--- INPUT MATERIAL ---

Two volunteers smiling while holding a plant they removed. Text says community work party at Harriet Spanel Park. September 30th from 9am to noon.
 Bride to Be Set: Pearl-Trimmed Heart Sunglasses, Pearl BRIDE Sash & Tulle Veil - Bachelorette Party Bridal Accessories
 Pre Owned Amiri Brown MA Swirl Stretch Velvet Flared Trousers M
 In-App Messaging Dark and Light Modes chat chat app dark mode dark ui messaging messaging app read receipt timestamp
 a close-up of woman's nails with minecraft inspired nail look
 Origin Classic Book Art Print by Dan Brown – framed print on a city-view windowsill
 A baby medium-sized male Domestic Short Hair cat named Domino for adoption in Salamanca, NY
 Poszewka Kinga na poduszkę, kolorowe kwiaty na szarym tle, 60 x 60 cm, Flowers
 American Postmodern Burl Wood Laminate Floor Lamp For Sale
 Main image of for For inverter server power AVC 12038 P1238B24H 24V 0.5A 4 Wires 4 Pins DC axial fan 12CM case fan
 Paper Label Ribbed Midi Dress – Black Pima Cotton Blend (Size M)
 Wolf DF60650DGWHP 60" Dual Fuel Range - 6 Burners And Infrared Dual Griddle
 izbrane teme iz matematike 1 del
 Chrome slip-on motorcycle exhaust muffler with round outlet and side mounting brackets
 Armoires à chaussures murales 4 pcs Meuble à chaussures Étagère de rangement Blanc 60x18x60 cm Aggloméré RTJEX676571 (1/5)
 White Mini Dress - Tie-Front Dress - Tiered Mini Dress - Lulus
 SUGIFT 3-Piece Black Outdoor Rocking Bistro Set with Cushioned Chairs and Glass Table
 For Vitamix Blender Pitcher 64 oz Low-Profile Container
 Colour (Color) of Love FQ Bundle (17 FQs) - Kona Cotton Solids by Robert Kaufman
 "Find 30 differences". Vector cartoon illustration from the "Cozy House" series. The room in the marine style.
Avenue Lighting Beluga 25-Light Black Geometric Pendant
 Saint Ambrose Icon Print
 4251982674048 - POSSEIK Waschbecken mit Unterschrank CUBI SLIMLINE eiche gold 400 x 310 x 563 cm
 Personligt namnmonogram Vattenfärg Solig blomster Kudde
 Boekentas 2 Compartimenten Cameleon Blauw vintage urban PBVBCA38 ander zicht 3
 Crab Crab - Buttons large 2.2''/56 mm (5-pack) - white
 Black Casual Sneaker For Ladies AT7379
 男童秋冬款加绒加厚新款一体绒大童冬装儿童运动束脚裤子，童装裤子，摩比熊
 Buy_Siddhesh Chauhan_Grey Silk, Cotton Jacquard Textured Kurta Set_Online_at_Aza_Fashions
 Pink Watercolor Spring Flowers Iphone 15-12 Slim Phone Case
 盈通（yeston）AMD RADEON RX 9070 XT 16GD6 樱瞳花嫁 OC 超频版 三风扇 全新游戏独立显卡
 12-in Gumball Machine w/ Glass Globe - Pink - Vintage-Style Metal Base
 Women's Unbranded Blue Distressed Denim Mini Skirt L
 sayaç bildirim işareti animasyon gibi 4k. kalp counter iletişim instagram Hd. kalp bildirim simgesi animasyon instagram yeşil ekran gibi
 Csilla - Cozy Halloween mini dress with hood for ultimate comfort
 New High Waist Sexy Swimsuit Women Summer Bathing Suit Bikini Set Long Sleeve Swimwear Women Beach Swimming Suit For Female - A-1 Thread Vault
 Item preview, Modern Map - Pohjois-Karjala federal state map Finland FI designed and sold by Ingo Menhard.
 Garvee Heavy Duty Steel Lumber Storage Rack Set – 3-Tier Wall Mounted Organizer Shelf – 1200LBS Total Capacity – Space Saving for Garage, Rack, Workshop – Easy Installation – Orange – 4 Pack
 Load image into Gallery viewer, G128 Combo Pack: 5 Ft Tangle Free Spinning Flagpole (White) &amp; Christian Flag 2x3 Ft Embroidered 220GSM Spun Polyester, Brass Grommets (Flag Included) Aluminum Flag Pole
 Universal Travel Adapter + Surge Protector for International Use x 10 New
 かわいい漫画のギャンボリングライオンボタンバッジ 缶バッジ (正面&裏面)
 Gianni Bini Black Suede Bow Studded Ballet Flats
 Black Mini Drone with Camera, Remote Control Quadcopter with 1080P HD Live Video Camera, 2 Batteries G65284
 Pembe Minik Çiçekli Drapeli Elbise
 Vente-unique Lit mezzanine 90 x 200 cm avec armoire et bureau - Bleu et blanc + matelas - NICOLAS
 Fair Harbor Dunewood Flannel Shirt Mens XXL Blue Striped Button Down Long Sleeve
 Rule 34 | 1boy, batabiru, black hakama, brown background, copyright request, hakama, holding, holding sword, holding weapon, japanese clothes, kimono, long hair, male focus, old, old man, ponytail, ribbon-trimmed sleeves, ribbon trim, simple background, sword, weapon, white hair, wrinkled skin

---

### TASK DIRECTIONS
Beginning at the top of the entries above, output each line exactly, and end with the line in which "Origin Classic Book" appears.

### ANSWER TO THIS PROBLEM
Two volunteers smiling while holding a plant they removed. Text says community work party at Harriet Spanel Park. September 30th from 9am to noon.
 Bride to Be Set: Pearl-Trimmed Heart Sunglasses, Pearl BRIDE Sash & Tulle Veil - Bachelorette Party Bridal Accessories
 Pre Owned Amiri Brown MA Swirl Stretch Velvet Flared Trousers M
 In-App Messaging Dark and Light Modes chat chat app dark mode dark ui messaging messaging app read receipt timestamp
 a close-up of woman's nails with minecraft inspired nail look
 Origin Classic Book Art Print by Dan Brown – framed print on a city-view windowsill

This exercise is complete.